Helen was nominated for her award by Det Ch Insp Jav Oomer.
He said: “The out of court disposals pilot is another innovative approach to tackling the causes of DA, the work highlights the importance of working with perpetrators as well as victims to break the cycle of offending.
“National research has shown the first report to the Police is not usually the first occasion of DA and by getting this right first time following a report has a positive impact on both victims and perpetrators.
“The work Helen has done is instrumental in ensuring that perpetrators are supported to change their behaviour.”
NOMINATION by DCI Oomer:
I wish to nominate Helen Bruce for her work around the Out of Court Disposals (OoCD) pilot with regards Domestic Abuse.
Staffordshire were chosen by the MOJ as being one of three pilot forces around out of court disposals and an element of that was to introduce low level crimes of Domestic Abuse into the Pilot and assess the impact of early intervention.
To consider the use of out of court disposals for domestic related matters is in itself is a nationally contentious issue however Helen was instrumental in setting up the Staffordshire pilot working in conjunction with the MOJ and DA national lead staff officer to develop a policy that was robust and could stand scrutiny yet achieve the aims and principles of out of court disposals scheme around DA.
In November 2014 Staffs went live with the OoCD pilot. The other pilot forces used Staffordshire as a model force for their pilot around DA and Helen has developed the domestic element of the pilot into a working model that has been seen and highlighted as best practice.
The DA OoCD has received national praise and described as “Innovative” by HMIC and recognised by the MOJ in workshops and master classes. Helen has been asked to support the other pilot forces and spoken in a multi force arena around the use of OoCD for DA matters.
The pilot in Staffordshire has seen so far over 345 people dealt with by way of an OoCD for DA working with the victims needs but also recognising that each perpetrator is different and identifying the appropriate measures for perpetrators to ensure engagement in the sanctions set by the OoCD pilot and ensuring a successful resolution. The early results show a significant amount of success in this approach where (at the time of writing) none of the 345 people have reoffended.

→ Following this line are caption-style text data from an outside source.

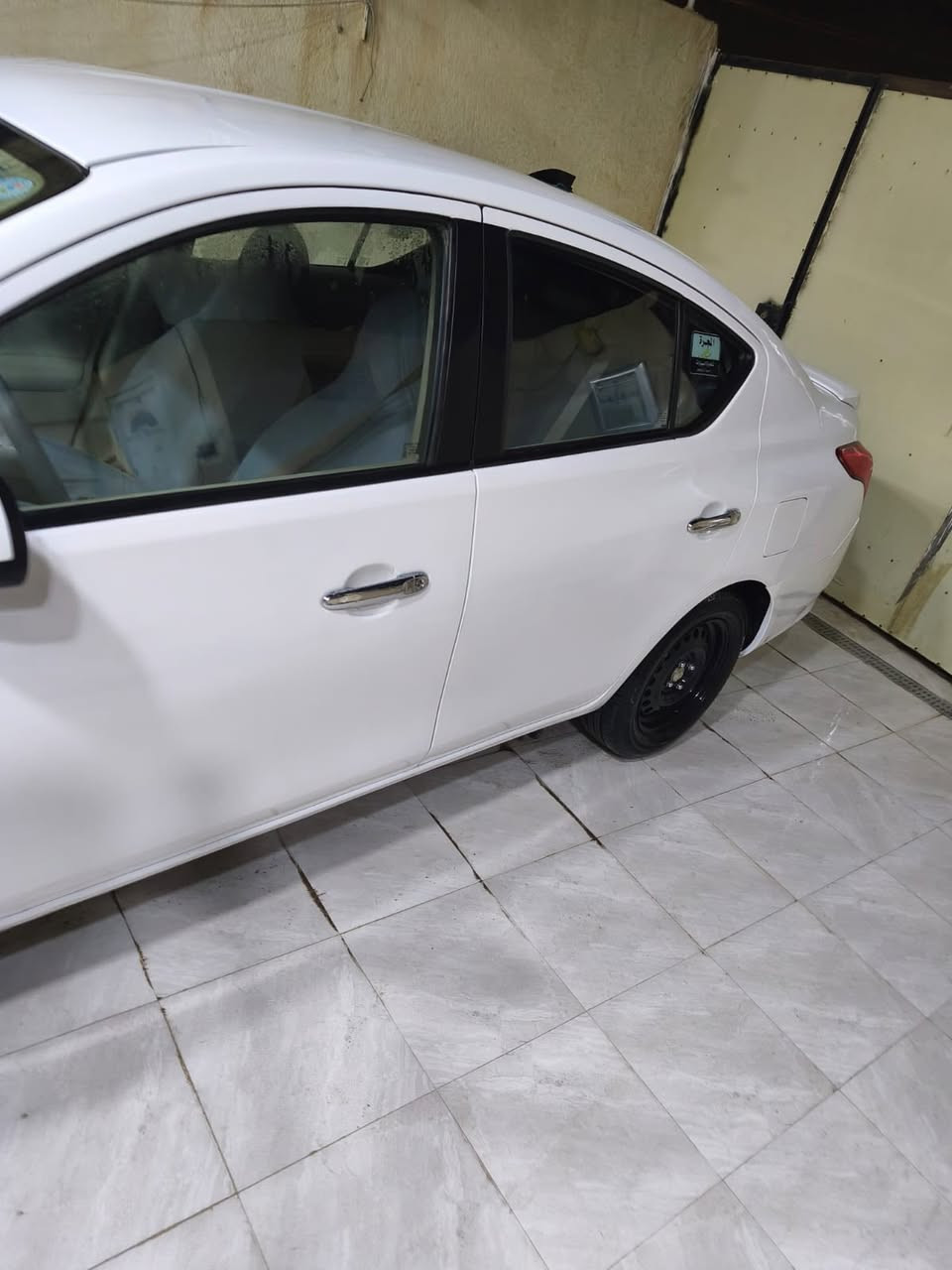 نيسان سني 
1-موديل 24
2-ماشية 57الف 
3-مابيه حادث بيه طخات بسيطة +بيه شخص بل باب 
4-مكان سيارة البصره 
5-سعر 116 وبية مجال
***********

Due to the nature of the pilot and significant risk associated around DA, the pilot requires an expert lead in making decisions that could have a significant impact on the lives of others and Helen has taken this role on personally ensuring that risk assessments have been completed, the OoCD process has been followed and that the OoCD is the most appropriate option in each and every case. She has also made suggestions on conditions that are appropriate to the actions and in line with changing culture and addressing offender behaviour.
This work has been taken on by Helen in addition to her everyday role and has added a significant amount of work to her already busy workload.
As the pilot ends in November 2015 and a formal evaluation will take place Helen is now looking to share her expertise and bring in others to assist in assessing risk and working with partners to deliver a bespoke OoCD programme for perpetrators.
For the hard work and dedication shown by Helen in making sure the OoCD pilot around DA is a success and keeping communities safe in Staffordshire I would put Helen forward for formal recognition.